The 2023 SDG Summit, held on September 18-19 at the United Nations Headquarters in New York, marked a pivotal moment in the journey towards achieving the Sustainable Development Goals (SDGs) by 2030. Convened by the President of the General Assembly, this landmark event took place during the High-level Week of the General Assembly and served as a beacon of hope amid a landscape shaped by interconnected global crises.
United Nations Secretary-General António Guterres delivered a stirring opening address, where he emphasized that the SDGs represent not just a set of goals but also the collective aspirations and inherent rights of people across the globe. He reminded the world leaders gathered at the summit that the SDGs pledge to eliminate extreme poverty, ensure universal access to clean water and sanitation, champion green energy solutions, and provide quality education, among other noble objectives.
However, despite the commitments made in 2015, Secretary-General Guterres lamented that only 15% of the 169 SDG targets are currently on track, while several are regressing. Guterres described the political declaration adopted at the summit as a potential game-changer, capable of accelerating progress towards the SDGs.
The declaration includes a robust commitment to financing for developing nations and provides clear support for Guterres’s proposal for an annual SDG Stimulus of at least $500 billion. It also advocates for the establishment of an effective debt-relief mechanism, acknowledging the debilitating burden of debt on many nations. Furthermore, the declaration calls for a transformation of the business model of multilateral development banks to make private finance more accessible to developing countries and endorses the reform of the international finance architecture, which Guterres has termed “outdated, dysfunctional, and unfair.”
Secretary-General Guterres outlined six critical areas that demand immediate and concerted action. He stressed the urgency of addressing hunger, characterizing it as “a shocking stain on humanity and an epic human rights violation.” He further noted that it is an indictment of our collective conscience that millions of people are still starving in this day and age.

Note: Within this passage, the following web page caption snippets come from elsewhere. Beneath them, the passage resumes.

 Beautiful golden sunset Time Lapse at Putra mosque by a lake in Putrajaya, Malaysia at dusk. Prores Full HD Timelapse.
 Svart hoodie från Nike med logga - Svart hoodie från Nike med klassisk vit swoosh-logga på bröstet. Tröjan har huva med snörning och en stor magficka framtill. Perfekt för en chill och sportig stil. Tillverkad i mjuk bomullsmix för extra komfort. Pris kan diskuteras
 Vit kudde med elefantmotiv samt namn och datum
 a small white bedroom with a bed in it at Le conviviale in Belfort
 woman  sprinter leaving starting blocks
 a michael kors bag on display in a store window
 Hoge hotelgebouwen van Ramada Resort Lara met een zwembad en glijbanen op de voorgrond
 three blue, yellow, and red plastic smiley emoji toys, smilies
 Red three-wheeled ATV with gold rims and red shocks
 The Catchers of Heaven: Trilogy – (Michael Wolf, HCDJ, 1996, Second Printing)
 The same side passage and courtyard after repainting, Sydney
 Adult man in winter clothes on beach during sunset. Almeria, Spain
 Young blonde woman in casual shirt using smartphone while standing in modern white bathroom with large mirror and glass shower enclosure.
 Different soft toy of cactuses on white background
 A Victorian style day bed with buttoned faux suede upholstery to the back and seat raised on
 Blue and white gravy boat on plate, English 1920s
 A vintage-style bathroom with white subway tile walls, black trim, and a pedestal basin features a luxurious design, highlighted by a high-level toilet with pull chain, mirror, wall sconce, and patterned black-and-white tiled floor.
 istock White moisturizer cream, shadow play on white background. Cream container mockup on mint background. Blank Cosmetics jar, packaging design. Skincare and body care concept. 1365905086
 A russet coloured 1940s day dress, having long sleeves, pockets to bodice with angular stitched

Guterres also highlighted the need for expeditious progress in transitioning to renewable energy sources, pointing out that the world is not moving fast enough in this direction. Simultaneously, he underscored the fact that the benefits and opportunities of digitalization are not being distributed equitably, leaving many behind in an increasingly digital world.
In addition, Guterres drew attention to the pressing issue of education, highlighting that too many children and young people worldwide are victims of poor-quality education or have no access to education at all. He called for the creation of decent jobs and the extension of social protection programs to vulnerable populations.
Lastly, the Secretary-General issued a clarion call to address “the triple planetary crisis” characterized by climate change, pollution, and biodiversity loss. He emphasized the need to end the war on nature and work towards a sustainable future for all.
In the midst of these challenges, Guterres emphasized the overarching need to ensure full gender equality, stating, “It’s long past time to end discrimination, ensure a place at every table for women and girls, and end the scourge of gender-based violence.”
To tackle these urgent challenges, the UN has initiated a range of efforts. These include comprehensive initiatives to transform global food systems, ensuring everyone can access a healthy diet. The UN is also intensifying efforts to boost investment in the transition to renewable energy and promote universal internet access. Moreover, ambitious plans are in place to create 400 million new decent jobs and extend social protection to over four million people.
Paula Narváez, President of the UN Economic and Social Council (ECOSOC), expressed her appreciation for the adoption of the declaration. She described it as a testament to leaders’ unwavering commitment to implementing the SDGs. ECOSOC, central to the UN system’s work on all three pillars of sustainable development—economic, social, and environmental—provides a platform for the review and follow-up of the goals.
The two-day SDG Summit served as the centrepiece of the UN General Assembly’s High-level Week, which annually convenes Heads of State and Government from around the world. Narváez also highlighted two additional events on the agenda—the High-level Dialogue on Financing for Development, addressing the pressing need for an international financial architecture that can respond to current needs and emerging challenges, and the Climate Ambition Summit, offering an opportunity for decisive progress on climate action and raising the bar for more timely and targeted efforts.
As the 2023 SDG Summit concluded, the global community stood at a crossroads, with an opportunity to rescue the SDGs and steer the world towards a more sustainable, equitable, and inclusive future by 2030. Paula Narváez aptly said, “This week should serve as a turning point to rescue the SDGs. We must not let this moment slip away.” The world now watches with anticipation as nations translate their commitments into tangible actions, ensuring that no one is left behind in the noble pursuit of a better world for all by 2030.